Image-caption web data:
=== Section Start ===

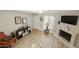 Living room with fireplace, hardwood floors, and ample natural light at 4901 E Kelton Ln # 1006, Scottsdale, AZ 85254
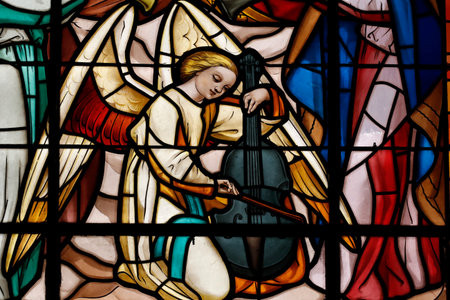 Notre Dame de Liesse church. Angel with violin. Stained glass window. Annecy. France.のeditorial素材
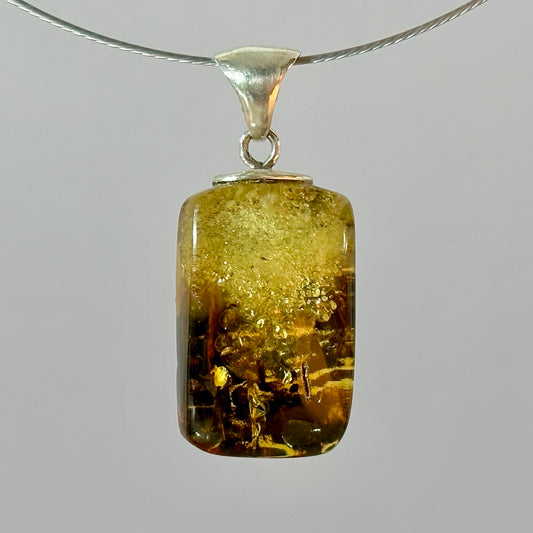 Sea-inspired green amber pendant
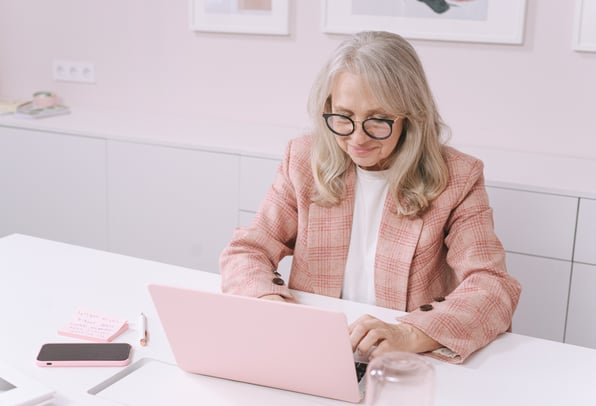 Woman in her late 50s ensuring she's fully prepared for retirement.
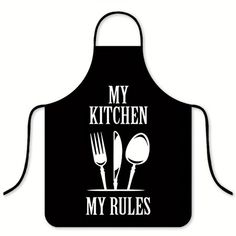 a black apron that says, my kitchen is my rules with spoons and forks on it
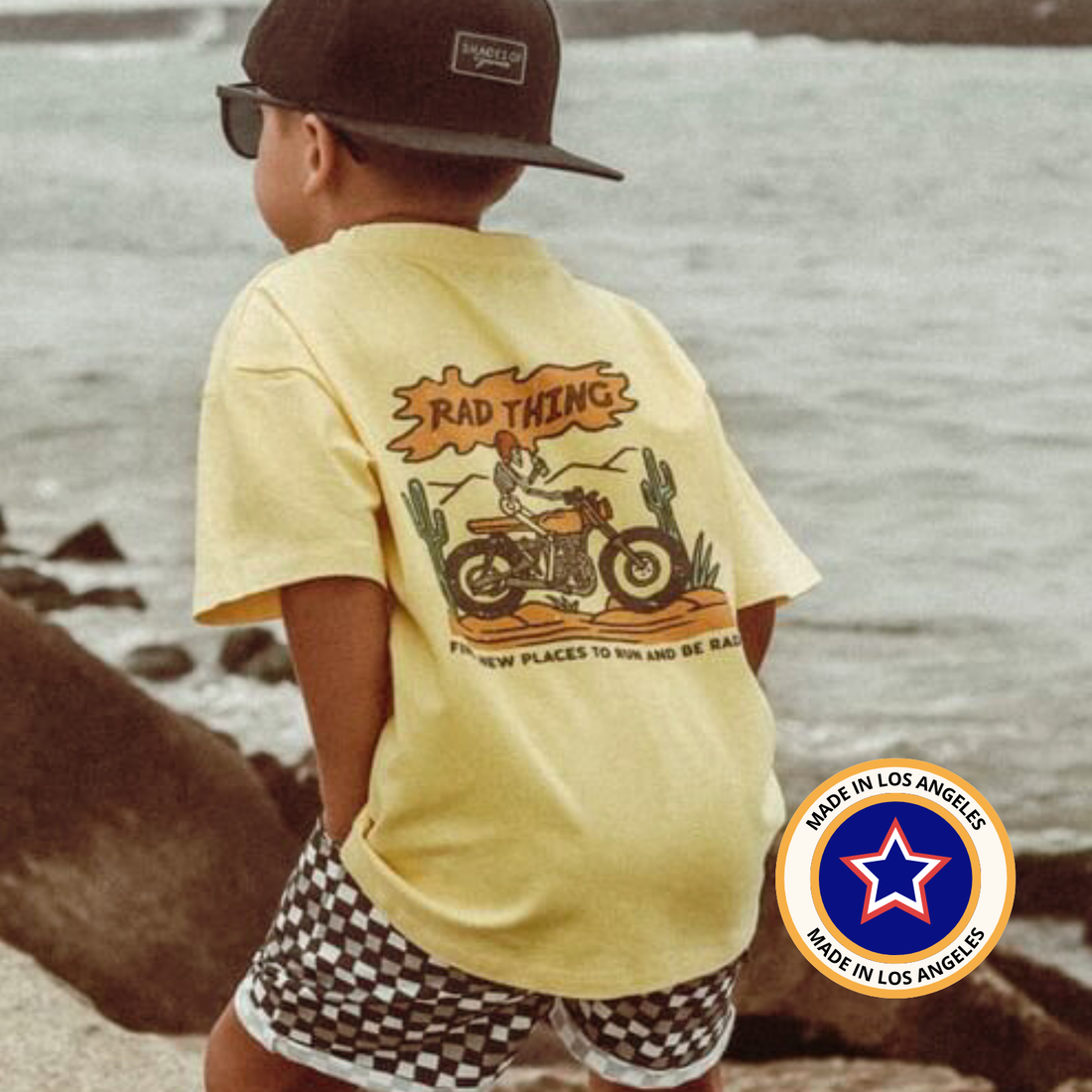 Boy wears Golden Yellow 'Where the Rad Things Are' tee with motorcycle graphic at beach.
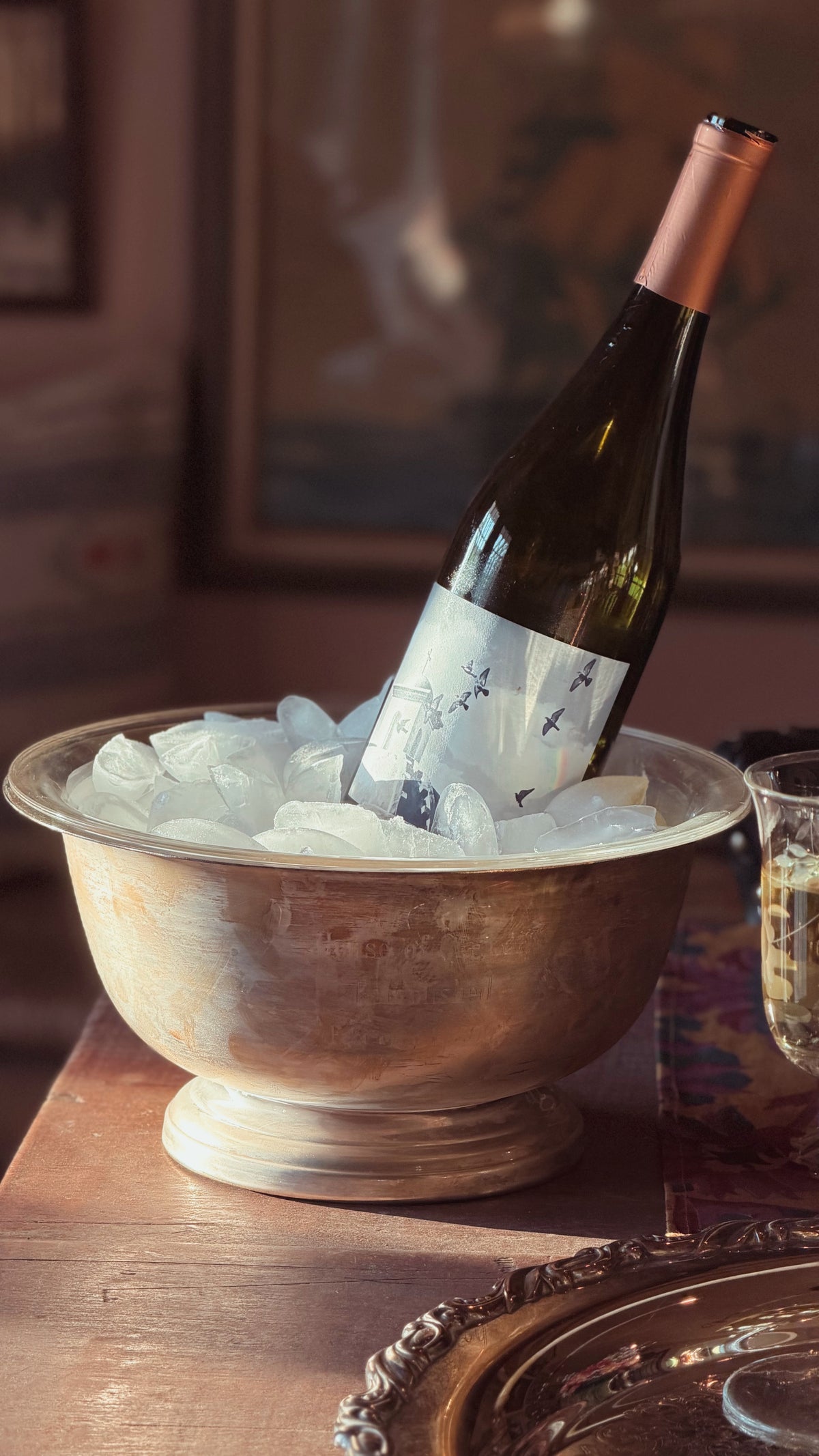 A Vintage Wallace Silver Revere Bowl with Liner filled with ice and a wine bottle.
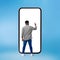 African Man Using Huge Smartphone Over Blue Background, Rear View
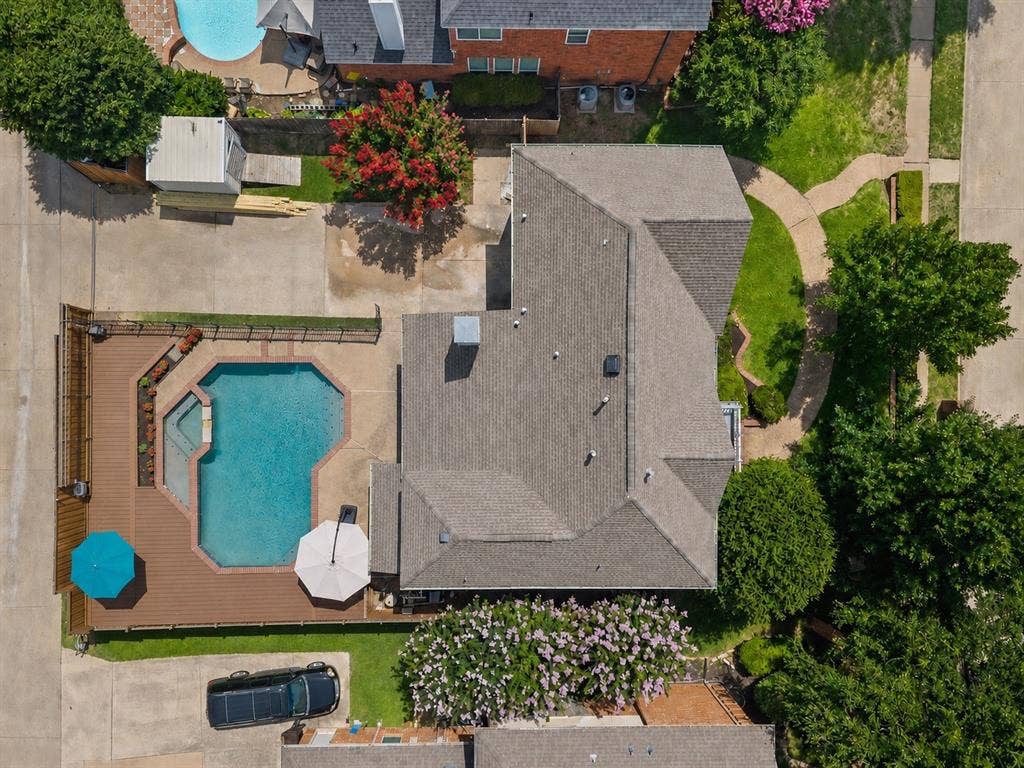 669 Water Oak Drive, Plano, TX 75025 Expansive backyard featuring a geometric swimming pool, surrounding wood-finish decking, and concrete patio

=== Section End ===

Give the lines again exactly, starting where the entries begin and stopping once the line with "Sea-inspired green amber pendant" is included; pictures are not copied.

### Task answer
 Living room with fireplace, hardwood floors, and ample natural light at 4901 E Kelton Ln # 1006, Scottsdale, AZ 85254
 Notre Dame de Liesse church. Angel with violin. Stained glass window. Annecy. France.のeditorial素材
 Sea-inspired green amber pendant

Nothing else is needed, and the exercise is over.